The report – When Will Sustainable Economic Recovery Really Begin? authored by Professor Cooke of the Centre for Automotive Management at the University of Buckingham Business School and available for free download from the WCG website – was released the same day as both the UK economy was technically declared to have left recession and the announcement that 1,400 jobs would be shed by Ford.

European new car registrations, which stood at 15.1 million units in 2003, peaked at 16 million in 2007, and dropped to 13.6 million in 2011, are only being kept afloat by “unsustainable cut-price deals and wide spread scrappage programmes”, according to the report.

As Gareth Hession, vice-president of research at JATO added recently: “The European car market has shown little sign of improvement in the last quarter and September has been the most challenging month so far this year.”

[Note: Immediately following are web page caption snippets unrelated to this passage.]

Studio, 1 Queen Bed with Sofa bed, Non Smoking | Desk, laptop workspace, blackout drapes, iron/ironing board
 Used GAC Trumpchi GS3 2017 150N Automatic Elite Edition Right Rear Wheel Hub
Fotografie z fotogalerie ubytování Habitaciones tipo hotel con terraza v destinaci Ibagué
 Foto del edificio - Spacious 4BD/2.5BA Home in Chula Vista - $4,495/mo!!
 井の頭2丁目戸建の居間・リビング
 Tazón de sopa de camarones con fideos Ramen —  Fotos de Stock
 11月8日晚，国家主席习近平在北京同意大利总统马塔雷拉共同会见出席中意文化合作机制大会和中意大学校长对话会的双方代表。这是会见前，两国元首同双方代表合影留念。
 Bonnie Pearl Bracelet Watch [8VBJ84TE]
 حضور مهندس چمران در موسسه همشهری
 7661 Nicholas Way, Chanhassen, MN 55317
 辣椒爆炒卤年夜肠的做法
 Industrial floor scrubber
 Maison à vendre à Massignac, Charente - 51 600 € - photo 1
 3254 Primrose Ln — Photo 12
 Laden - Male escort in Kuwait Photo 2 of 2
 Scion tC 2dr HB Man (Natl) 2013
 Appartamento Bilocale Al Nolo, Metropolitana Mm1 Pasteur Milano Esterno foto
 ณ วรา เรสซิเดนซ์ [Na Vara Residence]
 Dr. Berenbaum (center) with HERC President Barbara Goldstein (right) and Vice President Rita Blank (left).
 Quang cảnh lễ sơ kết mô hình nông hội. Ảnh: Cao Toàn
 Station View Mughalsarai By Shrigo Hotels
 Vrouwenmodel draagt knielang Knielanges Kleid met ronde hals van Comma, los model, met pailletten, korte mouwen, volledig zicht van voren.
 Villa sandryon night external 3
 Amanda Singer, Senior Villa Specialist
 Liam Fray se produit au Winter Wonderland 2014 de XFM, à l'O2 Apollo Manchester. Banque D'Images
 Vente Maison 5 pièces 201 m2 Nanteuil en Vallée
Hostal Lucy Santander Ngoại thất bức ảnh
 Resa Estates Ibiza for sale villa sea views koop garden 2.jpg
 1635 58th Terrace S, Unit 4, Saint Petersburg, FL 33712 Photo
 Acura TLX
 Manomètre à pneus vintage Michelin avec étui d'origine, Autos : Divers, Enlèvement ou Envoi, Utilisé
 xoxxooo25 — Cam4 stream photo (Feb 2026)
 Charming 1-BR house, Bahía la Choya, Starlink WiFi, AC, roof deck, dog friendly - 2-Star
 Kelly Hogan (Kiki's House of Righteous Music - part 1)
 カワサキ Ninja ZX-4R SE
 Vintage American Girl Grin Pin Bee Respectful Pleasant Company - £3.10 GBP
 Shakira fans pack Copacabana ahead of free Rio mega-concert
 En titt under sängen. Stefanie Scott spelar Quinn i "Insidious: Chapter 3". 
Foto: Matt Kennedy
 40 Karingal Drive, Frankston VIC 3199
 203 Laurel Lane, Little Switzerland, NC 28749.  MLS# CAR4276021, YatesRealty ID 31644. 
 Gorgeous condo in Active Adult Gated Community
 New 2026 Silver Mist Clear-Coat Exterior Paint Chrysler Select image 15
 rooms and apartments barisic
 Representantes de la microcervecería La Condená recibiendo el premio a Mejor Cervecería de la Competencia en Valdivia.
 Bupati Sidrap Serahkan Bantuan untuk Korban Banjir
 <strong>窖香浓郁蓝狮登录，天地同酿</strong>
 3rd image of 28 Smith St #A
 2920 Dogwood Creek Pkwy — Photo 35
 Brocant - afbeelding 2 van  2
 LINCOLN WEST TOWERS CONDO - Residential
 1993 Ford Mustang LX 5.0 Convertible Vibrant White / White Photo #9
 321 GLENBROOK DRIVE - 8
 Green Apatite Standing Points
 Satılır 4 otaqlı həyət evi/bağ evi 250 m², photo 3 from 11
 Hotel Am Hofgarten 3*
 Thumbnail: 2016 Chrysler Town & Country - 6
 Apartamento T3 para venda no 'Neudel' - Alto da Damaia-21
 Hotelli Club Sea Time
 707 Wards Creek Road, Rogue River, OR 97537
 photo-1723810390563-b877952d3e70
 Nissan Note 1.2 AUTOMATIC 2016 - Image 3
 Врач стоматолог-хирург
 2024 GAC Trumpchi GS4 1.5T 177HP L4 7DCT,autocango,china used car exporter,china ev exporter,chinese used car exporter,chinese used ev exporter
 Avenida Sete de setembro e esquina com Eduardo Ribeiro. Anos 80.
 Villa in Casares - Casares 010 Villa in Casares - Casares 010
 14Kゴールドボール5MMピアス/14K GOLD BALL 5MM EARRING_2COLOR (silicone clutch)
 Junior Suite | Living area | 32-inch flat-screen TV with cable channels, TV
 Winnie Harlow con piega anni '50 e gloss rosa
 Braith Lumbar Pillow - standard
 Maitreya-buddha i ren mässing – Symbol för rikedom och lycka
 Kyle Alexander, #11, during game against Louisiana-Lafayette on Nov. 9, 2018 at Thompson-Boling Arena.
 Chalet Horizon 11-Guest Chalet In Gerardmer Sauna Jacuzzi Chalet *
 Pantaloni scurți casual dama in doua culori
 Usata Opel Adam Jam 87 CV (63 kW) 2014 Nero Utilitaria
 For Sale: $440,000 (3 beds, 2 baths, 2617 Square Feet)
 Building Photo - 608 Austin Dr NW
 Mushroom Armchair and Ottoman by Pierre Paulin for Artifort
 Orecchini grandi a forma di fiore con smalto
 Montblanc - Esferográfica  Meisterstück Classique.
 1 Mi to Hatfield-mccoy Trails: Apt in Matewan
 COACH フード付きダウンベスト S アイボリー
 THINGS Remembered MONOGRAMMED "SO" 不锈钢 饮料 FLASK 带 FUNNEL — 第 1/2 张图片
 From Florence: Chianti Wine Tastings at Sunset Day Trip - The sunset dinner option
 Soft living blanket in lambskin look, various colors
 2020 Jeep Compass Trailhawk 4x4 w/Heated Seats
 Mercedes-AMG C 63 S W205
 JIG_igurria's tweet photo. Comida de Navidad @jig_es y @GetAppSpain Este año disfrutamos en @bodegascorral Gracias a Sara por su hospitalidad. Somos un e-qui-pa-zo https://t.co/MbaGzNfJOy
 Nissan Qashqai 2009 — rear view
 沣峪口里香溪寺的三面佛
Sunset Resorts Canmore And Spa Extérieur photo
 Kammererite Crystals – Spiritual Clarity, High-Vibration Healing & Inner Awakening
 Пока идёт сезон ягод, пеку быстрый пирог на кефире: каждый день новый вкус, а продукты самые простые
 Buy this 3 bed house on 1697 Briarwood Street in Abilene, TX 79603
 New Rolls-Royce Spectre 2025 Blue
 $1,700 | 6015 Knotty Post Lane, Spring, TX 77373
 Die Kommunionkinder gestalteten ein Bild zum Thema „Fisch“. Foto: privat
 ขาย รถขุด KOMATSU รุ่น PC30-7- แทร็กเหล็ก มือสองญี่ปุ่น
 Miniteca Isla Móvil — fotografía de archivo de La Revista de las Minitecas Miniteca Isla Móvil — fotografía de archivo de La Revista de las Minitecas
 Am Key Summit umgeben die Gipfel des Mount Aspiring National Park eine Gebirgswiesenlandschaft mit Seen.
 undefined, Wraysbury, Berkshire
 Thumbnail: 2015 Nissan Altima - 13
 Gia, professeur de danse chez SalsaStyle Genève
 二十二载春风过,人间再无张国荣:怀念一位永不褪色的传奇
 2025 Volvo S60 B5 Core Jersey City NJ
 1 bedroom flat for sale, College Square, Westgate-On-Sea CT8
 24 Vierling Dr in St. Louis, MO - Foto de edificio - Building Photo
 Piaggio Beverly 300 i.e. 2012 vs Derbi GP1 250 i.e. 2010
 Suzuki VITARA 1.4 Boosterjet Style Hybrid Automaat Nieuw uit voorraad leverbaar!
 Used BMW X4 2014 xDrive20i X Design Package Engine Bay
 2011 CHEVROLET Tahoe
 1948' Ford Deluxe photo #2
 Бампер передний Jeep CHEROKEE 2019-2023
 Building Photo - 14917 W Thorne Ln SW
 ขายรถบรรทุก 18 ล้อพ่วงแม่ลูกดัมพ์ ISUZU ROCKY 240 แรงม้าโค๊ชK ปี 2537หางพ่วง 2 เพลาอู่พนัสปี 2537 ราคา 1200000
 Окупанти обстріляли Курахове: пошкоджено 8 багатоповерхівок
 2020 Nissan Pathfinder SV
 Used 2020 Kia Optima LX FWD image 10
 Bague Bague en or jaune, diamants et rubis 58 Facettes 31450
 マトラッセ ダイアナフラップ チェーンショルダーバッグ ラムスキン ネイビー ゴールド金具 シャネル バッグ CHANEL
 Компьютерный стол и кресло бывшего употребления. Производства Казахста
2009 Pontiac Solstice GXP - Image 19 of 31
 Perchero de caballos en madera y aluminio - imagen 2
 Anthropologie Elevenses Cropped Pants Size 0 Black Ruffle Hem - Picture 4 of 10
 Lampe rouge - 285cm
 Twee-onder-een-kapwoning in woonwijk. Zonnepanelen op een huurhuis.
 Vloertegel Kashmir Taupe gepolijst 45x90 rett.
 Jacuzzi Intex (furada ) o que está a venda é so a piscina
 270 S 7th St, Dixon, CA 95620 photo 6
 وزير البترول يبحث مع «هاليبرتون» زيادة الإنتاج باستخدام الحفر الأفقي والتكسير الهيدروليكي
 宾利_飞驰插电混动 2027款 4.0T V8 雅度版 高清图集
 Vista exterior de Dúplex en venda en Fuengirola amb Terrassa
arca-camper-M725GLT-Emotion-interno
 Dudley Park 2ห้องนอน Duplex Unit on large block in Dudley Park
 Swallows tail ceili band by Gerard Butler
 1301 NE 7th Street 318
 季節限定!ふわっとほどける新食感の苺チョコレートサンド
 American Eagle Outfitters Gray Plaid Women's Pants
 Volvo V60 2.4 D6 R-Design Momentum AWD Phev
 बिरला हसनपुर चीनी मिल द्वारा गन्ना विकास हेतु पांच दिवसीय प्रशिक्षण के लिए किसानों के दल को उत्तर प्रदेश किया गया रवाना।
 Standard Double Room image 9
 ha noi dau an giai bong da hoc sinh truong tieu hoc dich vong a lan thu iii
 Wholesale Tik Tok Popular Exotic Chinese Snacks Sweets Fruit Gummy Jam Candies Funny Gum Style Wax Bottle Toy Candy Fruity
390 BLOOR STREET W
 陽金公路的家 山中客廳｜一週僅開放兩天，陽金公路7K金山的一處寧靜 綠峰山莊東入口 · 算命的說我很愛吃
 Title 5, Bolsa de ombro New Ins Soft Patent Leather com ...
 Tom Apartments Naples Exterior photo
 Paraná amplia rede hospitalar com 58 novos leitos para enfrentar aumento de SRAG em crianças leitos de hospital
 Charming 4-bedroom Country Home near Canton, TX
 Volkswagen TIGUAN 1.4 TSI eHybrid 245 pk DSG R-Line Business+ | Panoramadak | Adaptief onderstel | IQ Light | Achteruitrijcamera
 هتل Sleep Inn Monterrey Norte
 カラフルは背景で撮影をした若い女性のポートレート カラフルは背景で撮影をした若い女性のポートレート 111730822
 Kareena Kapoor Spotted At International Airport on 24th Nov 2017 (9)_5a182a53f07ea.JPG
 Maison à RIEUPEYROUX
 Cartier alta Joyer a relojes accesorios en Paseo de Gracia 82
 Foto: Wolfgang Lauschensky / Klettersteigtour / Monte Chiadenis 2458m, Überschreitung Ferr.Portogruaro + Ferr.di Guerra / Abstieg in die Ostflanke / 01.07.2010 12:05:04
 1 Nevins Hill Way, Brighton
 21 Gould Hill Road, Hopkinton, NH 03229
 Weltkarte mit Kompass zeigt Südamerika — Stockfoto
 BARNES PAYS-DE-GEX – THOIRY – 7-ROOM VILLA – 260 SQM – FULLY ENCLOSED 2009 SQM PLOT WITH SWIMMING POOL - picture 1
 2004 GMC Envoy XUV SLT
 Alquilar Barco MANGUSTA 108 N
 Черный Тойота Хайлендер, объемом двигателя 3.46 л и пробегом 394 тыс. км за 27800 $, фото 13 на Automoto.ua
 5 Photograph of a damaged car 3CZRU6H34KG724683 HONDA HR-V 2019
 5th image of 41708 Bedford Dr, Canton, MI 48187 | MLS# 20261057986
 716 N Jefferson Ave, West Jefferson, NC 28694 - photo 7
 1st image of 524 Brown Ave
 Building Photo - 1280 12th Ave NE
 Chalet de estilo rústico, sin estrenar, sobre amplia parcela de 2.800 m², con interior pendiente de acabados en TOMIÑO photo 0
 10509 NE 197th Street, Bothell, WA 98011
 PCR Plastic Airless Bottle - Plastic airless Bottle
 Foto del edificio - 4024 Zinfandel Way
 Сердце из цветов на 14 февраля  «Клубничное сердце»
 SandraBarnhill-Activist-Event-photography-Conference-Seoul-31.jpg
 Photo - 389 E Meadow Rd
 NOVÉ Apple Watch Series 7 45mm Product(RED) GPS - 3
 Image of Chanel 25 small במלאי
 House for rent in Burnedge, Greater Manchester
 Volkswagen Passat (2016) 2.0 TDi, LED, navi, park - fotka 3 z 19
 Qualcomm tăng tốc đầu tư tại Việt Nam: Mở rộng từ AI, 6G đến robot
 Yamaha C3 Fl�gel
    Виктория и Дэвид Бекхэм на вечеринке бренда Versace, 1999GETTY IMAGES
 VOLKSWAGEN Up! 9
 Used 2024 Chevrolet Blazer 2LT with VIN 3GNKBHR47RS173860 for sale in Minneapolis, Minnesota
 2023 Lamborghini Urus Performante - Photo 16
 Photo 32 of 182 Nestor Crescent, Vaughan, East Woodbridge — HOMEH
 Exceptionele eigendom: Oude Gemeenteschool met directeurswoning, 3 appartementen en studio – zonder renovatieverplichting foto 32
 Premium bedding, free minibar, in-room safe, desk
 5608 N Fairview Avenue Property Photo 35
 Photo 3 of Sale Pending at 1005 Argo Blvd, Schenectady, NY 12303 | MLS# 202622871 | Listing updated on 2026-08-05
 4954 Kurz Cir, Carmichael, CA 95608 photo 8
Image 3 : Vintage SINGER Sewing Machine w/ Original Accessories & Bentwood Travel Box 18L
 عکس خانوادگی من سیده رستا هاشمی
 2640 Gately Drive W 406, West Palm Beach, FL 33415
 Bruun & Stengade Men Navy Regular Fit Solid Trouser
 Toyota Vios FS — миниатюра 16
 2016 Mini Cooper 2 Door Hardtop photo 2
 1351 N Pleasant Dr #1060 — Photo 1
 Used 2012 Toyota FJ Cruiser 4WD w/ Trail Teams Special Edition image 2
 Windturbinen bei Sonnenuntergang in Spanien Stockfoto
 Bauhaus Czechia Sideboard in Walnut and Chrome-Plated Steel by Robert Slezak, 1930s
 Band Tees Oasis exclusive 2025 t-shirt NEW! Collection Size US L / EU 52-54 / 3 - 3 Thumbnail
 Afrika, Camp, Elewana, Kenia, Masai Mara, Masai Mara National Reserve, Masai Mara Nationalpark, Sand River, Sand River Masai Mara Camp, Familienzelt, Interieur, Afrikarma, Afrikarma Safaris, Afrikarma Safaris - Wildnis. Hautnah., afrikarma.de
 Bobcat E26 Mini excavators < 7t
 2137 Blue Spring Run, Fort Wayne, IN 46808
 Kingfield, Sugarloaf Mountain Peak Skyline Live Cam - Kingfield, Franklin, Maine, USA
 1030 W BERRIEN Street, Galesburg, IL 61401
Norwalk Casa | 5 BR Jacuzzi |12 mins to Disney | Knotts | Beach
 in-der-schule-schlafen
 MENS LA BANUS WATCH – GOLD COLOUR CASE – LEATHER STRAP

Professor Cooke, in this magazine in May 2010 and in his report Recession, Scrappage and Sustainable Recovery, has previously warned scrappage and economic recovery are “not always the best of bedfellows” and without such schemes in Germany and the UK, each market would holdd a clearer signal of their diminishing car parcs.

The report underscores the schism between UK and continental attitudes to scrappage schemes with France, for instance, proposing a second round of the programme, something which Business Secretary Vince Cable described on the BBC’s PM programme, 25 October, as both “expensive” and “unnecessary”.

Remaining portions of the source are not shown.